Updated neutron-api-plugin-ovn charm¶
The neutron-api-plugin-ovn charm must support the ovn-source
configuration
option. This works for the xena
, wallaby
, victoria
, and ussuri
tracks.
To verify whether the option is available, query for its value:
juju config neutron-api-plugin-ovn ovn-source
Upgrade the charm if the option is not available:
juju refresh neutron-api-plugin-ovn
Procedure¶
Set the election timer¶
To minimise timeout issues during the upgrade, set the OVS database server election timer to its maximum value:
juju config ovn-central ovsdb-server-election-timer=30
For background information, see section Raft leader election timeout of this document.
Allow the ovn-central application to settle - use the juju status ovn-central command.
Ensure OVN package requirements¶
Ensure that select packages are up to date on the cloud’s OVN units.
Perform the package upgrades on all OVN units by running commands across the ovn-chassis and ovn-central applications:
juju exec -a ovn-chassis 'apt update && apt -y install \
--only-upgrade openvswitch-common ovn-common'
juju exec -a ovn-central 'apt update && apt -y install \
--only-upgrade openvswitch-common ovn-common'
Note
Some clouds may be running ovn-dedicated-chassis as opposed to ovn-chassis.
Fail-safe mode on OVN < 22.03¶
To prevent an OVN data plane outage during the upgrade to 22.03 the
ovn-controller
daemon must be placed into fail-safe mode.
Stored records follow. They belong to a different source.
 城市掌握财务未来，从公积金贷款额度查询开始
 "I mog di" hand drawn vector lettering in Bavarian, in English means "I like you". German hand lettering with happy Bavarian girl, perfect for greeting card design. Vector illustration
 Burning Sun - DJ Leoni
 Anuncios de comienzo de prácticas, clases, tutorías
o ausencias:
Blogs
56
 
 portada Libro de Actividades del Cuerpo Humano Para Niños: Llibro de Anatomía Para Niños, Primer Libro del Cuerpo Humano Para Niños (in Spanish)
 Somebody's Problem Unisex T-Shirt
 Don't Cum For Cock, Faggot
This section
corresponds to upstream’s documented fail-safe method.
First stop the ovn-northd
daemon:
juju exec -a ovn-central 'systemctl stop ovn-northd'
Secondly, identify the Southbound database leader unit (see the Querying OVN page for guidance).
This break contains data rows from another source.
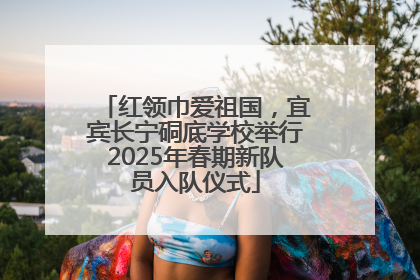 红领巾爱祖国，宜宾长宁硐底学校举行2025年春期新队员入队仪式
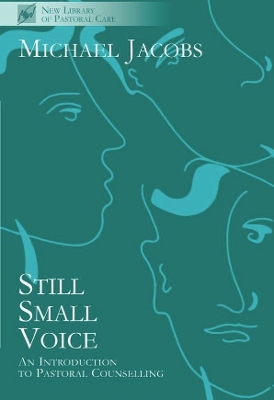 Still Small Voice: Practical Introduction to Counselling in Pastoral and Other Settings book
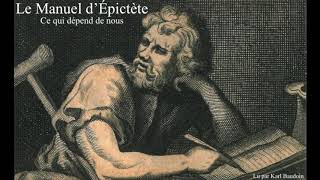 Le Manuel d'Épictète (ce qui dépend de nous)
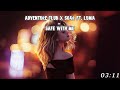 Adventure Club x Soar ft. Luma - Safe With Me (UNRELEASED)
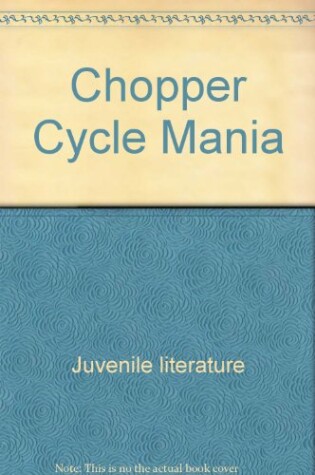 Cover of Chopper Cycle Mania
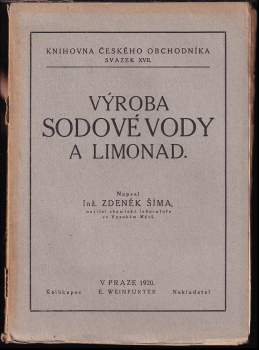 Zdeněk Šíma: Výroba sodové vody a limonád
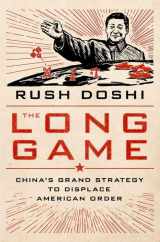 9780197645482-0197645488-The Long Game: China's Grand Strategy to Displace American Order (Bridging the Gap)
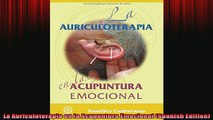 READ book  La Auriculoterapia en la Acupuntura Emocional Spanish Edition Online Free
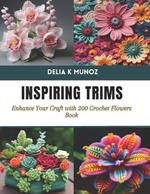 Inspiring Trims: Enhance Your Craft with 200 Crochet Flowers Book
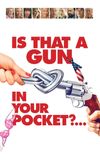 Is That a Gun in Your Pocket?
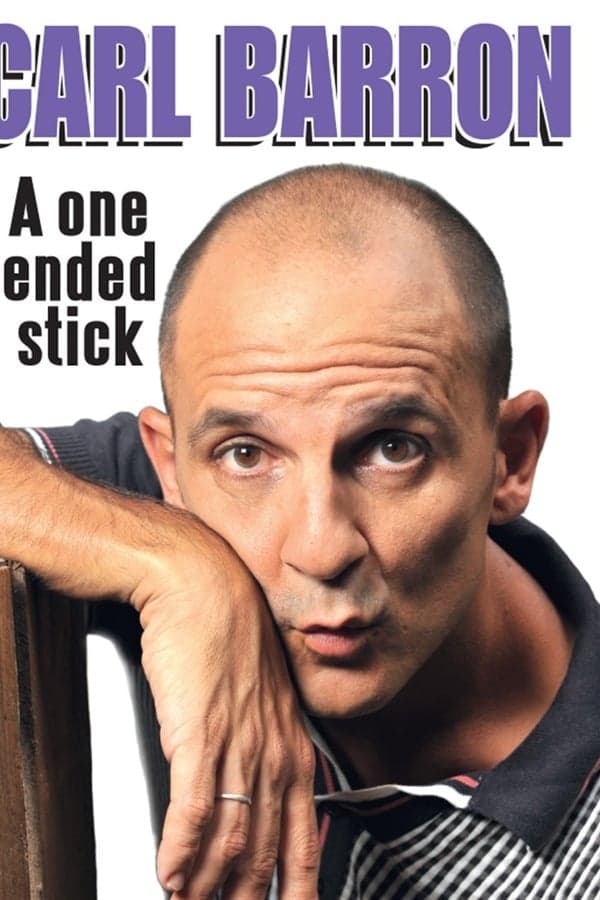 Carl Barron: A One Ended Stick poster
Finally, manually set the northd
version to an arbitrary string. The
ovn-controller
processes will detect this change and adapt to be able to
understand the data that the upgraded northd
daemon will subsequently
insert into the database (use the Southbound leader unit found above):
juju exec -u <sb-db-leader-unit> 'ovn-sbctl set sb-global . options:northd_internal_version="<string>"'
An example invocation of the above if the Southbound leader unit is
ovn-central/2
:
juju exec -u ovn-central/2 'ovn-sbctl set sb-global . options:northd_internal_version="safe"'
The above command contains the string ‘safe’. Any string will suffice provided that it is different from the current OVN version.
Perform the upgrade¶
To ensure a smooth migration, guidance is provided below that includes verification steps.
ovn-central¶
Prior to upgrading the ovn-central application, change its software sources to ‘distro’ and change the charm’s channel to ‘22.03/stable’:
juju refresh ovn-central --channel 22.03/stable \
--config <(printf "ovn-central:\n source: \"distro\"")
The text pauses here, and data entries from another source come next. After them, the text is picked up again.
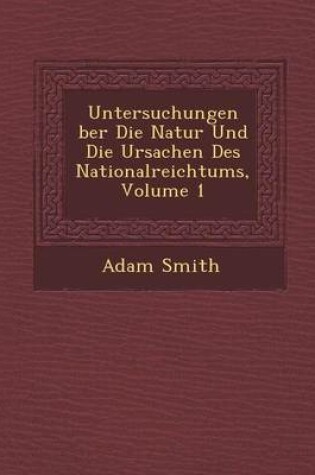 Cover of Untersuchungen Ber Die Natur Und Die Ursachen Des Nationalreichtums, Volume 1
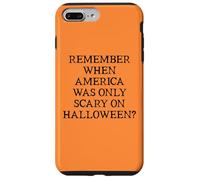 Democracy Remember When America Was Only Scary on Halloween Case for iPhone 7 Plus/8 Plus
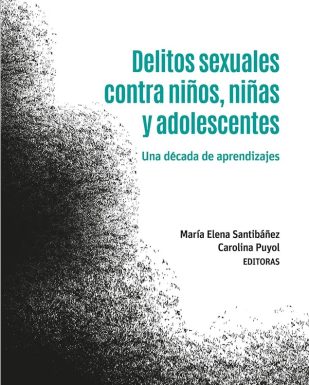 DELITOS SEXUALES CONTRA NIÑOS, NIÑAS Y ADOLESCENTES - UNA DÉCADA DE APRENDIZAJES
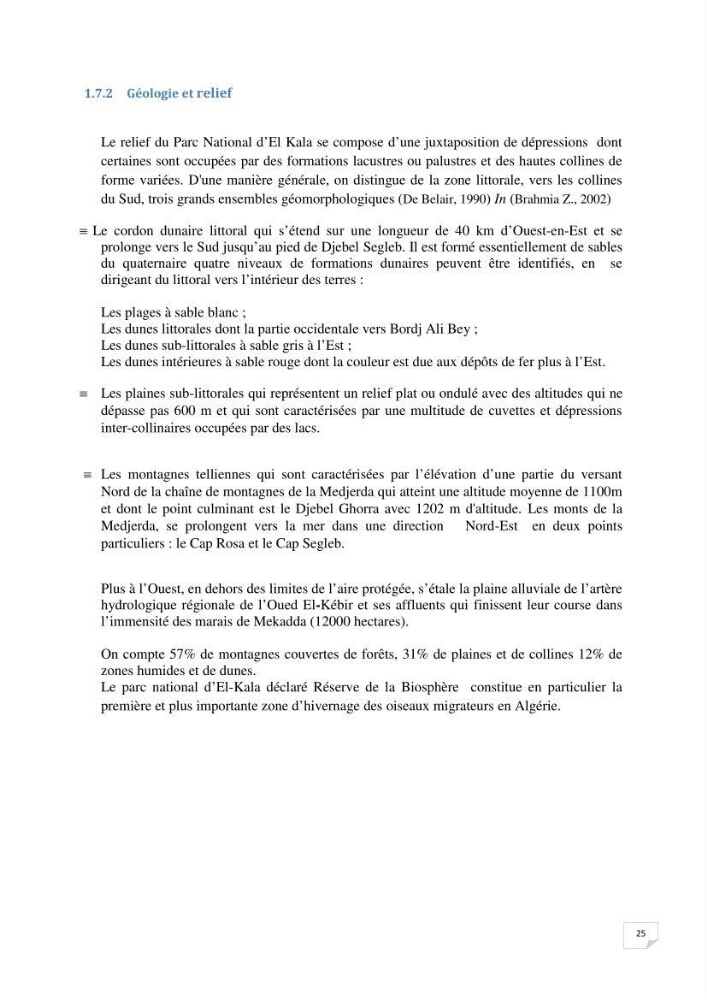 Inventaire de la faune et de la flore marine remarquable des espaces d\'intérêt écologique du secteur Est de la côte Algérienne:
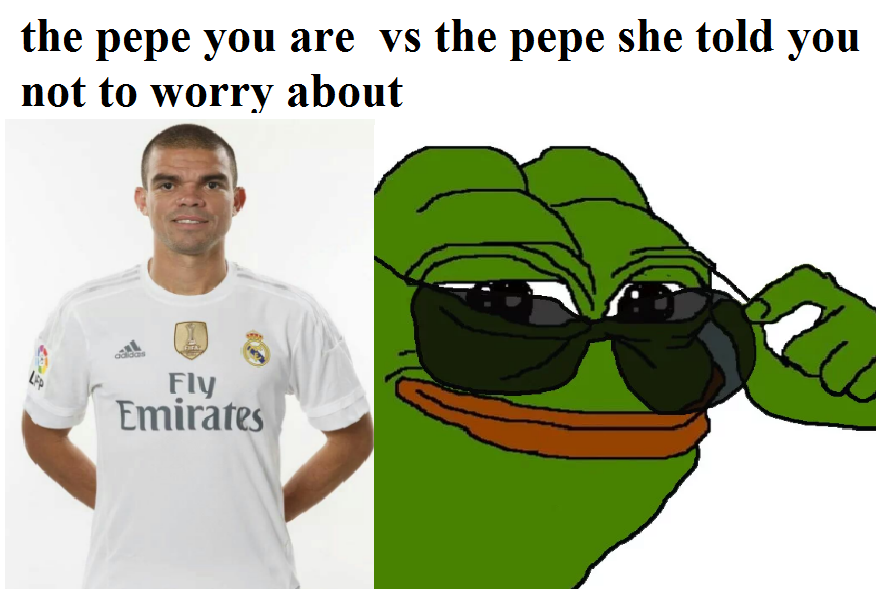Pepe < Pepe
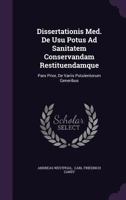 Dissertationis Med. de Usu Potus Ad Sanitatem Conservandam Restituendamque: Pars Prior, de Variis Potulentorum Generibus 1378352424 Book Cover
Now upgrade the application by selecting the UCA pocket for OVN 22.03 on Focal:
juju config ovn-central ovn-source=cloud:focal-ovn-22.03
As before, allow the ovn-central application to settle - use the juju status ovn-central command.
Verify: database migration¶
Ensure that the upgraded Northbound and Southbound database schemas match what’s expected (the target version). An example set of commands are provided below.
The Northbound database’s target version and actual version, respectively:
juju exec -a ovn-central 'ovsdb-tool schema-version /usr/share/ovn/ovn-nb.ovsschema'
Stdout: |
6.1.0
UnitId: ovn-central/0
Stdout: |
6.1.0
UnitId: ovn-central/1
Stdout: |
6.1.0
UnitId: ovn-central/2
juju exec -a ovn-central 'ovsdb-client get-schema-version unix:/var/run/ovn/ovnnb_db.sock OVN_Northbound'
Stdout: |
6.1.0
UnitId: ovn-central/0
Stdout: |
6.1.0
UnitId: ovn-central/1
Stdout: |
6.1.0
UnitId: ovn-central/2
The Southbound database’s target version and actual version, respectively:
juju exec -a ovn-central 'ovsdb-tool schema-version /usr/share/ovn/ovn-sb.ovsschema'
Stdout: |
20.21.0
UnitId: ovn-central/0
Stdout: |
20.21.0
UnitId: ovn-central/2
Stdout: |
20.21.0
UnitId: ovn-central/1
juju exec -a ovn-central 'ovsdb-client get-schema-version unix:/var/run/ovn/ovnsb_db.sock OVN_Southbound'
Stdout: |
20.21.0
UnitId: ovn-central/0
Stdout: |
20.21.0
UnitId: ovn-central/1
Stdout: |
20.21.0
UnitId: ovn-central/2
If versions do not match it might be that the database migration did not
succeed (see log files under /var/log/ovn
on the ovn-central units).
Verify: cluster status¶
Check the status of the Northbound and Southbound database clusters. It is
expected that one unit has Role: leader
and the others have Role:
follower
. An example set of commands are provided below.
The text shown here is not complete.